Monday, October 31, 2016

Travels with Charley: A Desire to Move

Dear John Steinbeck,

The quote I most loved in your book, Travels with Charley: In Search of America, was the following commentary on your neighbors in Sag Harbor:

I saw in their eyes something I was to see over and over in every part of the nation – a burning desire to go, to move, to get under way, anyplace, away from any here. They spoke quietly of how they wanted to go someday, to move about, free and unanchored, not toward something but away from something. I saw this look and heard this yearning everywhere in every state I visited. Nearly every American hungers to move. (Steinbeck 10)
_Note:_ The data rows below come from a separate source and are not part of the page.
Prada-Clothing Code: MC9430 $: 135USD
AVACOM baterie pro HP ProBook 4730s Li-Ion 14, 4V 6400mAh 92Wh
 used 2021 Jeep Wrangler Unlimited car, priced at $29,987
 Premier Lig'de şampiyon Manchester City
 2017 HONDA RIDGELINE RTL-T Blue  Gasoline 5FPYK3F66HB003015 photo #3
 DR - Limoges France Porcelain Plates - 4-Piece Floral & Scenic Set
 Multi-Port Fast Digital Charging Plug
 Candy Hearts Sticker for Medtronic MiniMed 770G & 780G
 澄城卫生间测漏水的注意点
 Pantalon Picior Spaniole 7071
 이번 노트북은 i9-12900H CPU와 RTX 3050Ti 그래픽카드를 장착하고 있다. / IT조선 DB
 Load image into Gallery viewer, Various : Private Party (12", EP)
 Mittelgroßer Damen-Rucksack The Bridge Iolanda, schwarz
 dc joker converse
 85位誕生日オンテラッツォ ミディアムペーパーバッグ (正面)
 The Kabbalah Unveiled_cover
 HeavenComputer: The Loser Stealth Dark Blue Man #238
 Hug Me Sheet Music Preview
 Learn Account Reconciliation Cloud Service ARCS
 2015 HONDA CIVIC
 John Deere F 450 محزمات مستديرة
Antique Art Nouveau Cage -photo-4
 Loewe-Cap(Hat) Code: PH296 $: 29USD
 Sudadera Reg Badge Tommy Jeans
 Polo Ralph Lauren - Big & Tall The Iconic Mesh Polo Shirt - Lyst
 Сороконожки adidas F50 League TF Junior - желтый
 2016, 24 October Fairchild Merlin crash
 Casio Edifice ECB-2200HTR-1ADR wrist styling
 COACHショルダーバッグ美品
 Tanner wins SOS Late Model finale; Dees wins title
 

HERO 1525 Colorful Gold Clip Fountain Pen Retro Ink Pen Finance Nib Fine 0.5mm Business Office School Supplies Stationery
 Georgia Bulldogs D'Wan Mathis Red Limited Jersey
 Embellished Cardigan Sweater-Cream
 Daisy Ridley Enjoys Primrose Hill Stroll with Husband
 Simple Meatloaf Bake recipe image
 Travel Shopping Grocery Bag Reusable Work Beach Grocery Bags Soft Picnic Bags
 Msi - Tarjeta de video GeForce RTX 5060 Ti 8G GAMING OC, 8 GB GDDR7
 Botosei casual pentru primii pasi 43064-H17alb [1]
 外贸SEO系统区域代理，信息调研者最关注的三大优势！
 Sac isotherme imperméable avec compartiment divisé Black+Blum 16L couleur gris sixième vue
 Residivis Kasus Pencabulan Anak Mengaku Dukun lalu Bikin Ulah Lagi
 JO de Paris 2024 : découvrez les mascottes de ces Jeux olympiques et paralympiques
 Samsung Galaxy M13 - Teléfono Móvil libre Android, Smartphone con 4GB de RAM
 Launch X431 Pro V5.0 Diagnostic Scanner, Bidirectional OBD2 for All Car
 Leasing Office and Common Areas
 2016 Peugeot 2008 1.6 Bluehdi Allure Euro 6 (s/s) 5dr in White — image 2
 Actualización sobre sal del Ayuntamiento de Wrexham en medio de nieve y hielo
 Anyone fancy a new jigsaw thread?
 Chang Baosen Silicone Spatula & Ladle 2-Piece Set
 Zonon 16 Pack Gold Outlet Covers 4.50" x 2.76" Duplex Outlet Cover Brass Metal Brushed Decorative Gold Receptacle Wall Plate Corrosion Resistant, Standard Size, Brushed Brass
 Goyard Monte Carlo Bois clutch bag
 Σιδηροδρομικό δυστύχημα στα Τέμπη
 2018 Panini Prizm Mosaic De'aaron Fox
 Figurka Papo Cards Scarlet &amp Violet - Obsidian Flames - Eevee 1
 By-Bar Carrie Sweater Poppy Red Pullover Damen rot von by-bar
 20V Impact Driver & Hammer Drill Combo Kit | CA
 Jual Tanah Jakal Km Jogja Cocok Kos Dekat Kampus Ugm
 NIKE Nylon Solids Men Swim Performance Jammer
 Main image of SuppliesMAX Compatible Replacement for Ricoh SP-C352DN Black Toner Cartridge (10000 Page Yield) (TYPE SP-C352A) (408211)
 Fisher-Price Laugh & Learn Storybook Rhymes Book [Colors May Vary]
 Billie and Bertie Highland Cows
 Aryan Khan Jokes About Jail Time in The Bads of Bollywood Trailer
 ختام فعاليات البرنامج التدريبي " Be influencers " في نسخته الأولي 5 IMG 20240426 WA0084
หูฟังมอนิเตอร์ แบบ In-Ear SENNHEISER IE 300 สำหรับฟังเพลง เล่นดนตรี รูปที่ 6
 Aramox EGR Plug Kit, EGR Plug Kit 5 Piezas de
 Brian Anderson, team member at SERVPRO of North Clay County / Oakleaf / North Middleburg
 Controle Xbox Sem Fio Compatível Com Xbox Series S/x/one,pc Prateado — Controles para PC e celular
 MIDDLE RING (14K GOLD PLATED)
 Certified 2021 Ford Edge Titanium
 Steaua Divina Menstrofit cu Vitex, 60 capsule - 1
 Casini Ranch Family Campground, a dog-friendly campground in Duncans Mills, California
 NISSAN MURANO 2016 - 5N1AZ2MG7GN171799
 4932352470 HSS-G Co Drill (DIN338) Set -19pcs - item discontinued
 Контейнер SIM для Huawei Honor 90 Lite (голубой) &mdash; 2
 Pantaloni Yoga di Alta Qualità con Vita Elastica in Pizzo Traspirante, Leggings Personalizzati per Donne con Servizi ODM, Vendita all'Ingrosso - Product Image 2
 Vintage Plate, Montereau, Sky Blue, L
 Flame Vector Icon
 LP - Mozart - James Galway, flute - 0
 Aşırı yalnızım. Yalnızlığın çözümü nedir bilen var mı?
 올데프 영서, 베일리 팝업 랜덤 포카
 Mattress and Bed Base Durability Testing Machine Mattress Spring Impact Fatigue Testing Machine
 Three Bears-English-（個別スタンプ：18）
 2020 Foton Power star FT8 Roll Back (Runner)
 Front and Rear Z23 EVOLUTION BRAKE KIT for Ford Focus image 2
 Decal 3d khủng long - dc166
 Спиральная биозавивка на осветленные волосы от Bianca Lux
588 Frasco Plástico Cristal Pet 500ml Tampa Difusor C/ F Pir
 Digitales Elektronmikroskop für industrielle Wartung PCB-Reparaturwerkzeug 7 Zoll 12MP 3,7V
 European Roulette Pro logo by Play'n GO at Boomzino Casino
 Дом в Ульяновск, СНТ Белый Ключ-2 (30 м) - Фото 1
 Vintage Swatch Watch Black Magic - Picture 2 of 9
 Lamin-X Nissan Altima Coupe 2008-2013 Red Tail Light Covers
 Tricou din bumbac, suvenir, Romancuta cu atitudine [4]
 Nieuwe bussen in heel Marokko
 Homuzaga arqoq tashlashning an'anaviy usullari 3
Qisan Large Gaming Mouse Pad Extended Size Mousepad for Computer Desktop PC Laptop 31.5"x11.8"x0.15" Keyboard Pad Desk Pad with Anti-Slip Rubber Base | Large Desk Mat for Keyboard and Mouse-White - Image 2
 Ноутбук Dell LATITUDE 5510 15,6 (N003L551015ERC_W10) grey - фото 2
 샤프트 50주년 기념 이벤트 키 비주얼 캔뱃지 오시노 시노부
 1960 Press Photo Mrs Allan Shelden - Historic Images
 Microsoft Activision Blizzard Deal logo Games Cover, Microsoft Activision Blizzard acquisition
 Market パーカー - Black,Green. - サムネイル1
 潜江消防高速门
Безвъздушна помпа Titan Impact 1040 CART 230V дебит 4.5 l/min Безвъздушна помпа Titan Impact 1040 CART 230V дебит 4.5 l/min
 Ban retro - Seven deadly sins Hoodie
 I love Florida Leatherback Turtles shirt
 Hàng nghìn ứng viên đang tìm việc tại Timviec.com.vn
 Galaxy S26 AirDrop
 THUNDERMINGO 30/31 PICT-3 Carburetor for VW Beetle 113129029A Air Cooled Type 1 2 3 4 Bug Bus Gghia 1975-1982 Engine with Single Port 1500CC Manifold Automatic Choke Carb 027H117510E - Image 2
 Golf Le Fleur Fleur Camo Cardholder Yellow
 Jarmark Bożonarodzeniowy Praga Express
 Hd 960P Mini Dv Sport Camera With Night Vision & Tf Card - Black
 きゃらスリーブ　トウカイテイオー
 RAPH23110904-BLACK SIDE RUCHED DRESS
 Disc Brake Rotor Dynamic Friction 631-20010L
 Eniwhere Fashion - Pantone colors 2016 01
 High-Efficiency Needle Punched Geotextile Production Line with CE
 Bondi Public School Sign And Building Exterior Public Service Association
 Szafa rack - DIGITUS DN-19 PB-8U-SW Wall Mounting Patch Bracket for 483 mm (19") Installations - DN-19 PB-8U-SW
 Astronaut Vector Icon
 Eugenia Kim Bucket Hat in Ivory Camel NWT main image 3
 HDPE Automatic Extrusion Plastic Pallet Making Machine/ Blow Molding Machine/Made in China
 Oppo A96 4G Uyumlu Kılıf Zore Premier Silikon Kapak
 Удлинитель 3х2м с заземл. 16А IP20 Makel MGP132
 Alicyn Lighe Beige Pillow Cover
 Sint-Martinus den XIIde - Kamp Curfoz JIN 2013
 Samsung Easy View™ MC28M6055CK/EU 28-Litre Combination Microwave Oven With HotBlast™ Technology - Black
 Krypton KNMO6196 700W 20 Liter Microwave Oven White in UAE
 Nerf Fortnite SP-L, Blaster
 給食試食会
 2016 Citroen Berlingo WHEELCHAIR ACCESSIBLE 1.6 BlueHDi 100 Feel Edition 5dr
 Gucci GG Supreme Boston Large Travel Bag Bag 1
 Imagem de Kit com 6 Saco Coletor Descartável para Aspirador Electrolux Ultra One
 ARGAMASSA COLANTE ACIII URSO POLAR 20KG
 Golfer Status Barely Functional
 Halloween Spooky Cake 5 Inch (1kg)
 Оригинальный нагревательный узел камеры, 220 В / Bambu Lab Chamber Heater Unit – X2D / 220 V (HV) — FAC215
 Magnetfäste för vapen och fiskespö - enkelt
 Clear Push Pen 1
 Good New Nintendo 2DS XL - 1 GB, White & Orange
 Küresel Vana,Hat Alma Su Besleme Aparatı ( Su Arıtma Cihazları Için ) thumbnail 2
            When I was growing up in Kensington, all I saw around me were people hungry to move, forget, transcend. My best friend Laurie moved out of her house when she was sixteen. She wanted to fight in a courtroom for her brothers and sisters on the streets and didn’t see a road to that future in our world. She sent in an application to Deerfield Academy, a college preparatory school in Massachusetts. Laurie didn’t tell her parents, or her brothers, or me.
And, one day, she got a letter in the mail saying, “Yes, congratulations! Welcome to a whole new world,” and she sprinted to my house, barefoot, and screamed until I opened the door. We cried on my front porch together, and I saw in her eyes the look you described on page ten: “a burning desire to go [and] to move.”
She left on a sticky August morning; I haven’t seen her since.
I am here to tell you, John Steinbeck, that there is another way to live. I stayed in Kensington; I finished high school, college. I was forced to stay, because I wasn’t clever enough, or like Laurie enough, and my family needed me. There is a beauty in staying. There is a beauty in being anchored.
I ask you, John Steinbeck, to consider whether it may be a privilege to desire movement in the way you described on page ten. I wonder if such a want comes from an ability to imagine futures unknown by people with responsibility and family and financial concerns. I’m asking myself the same questions, too.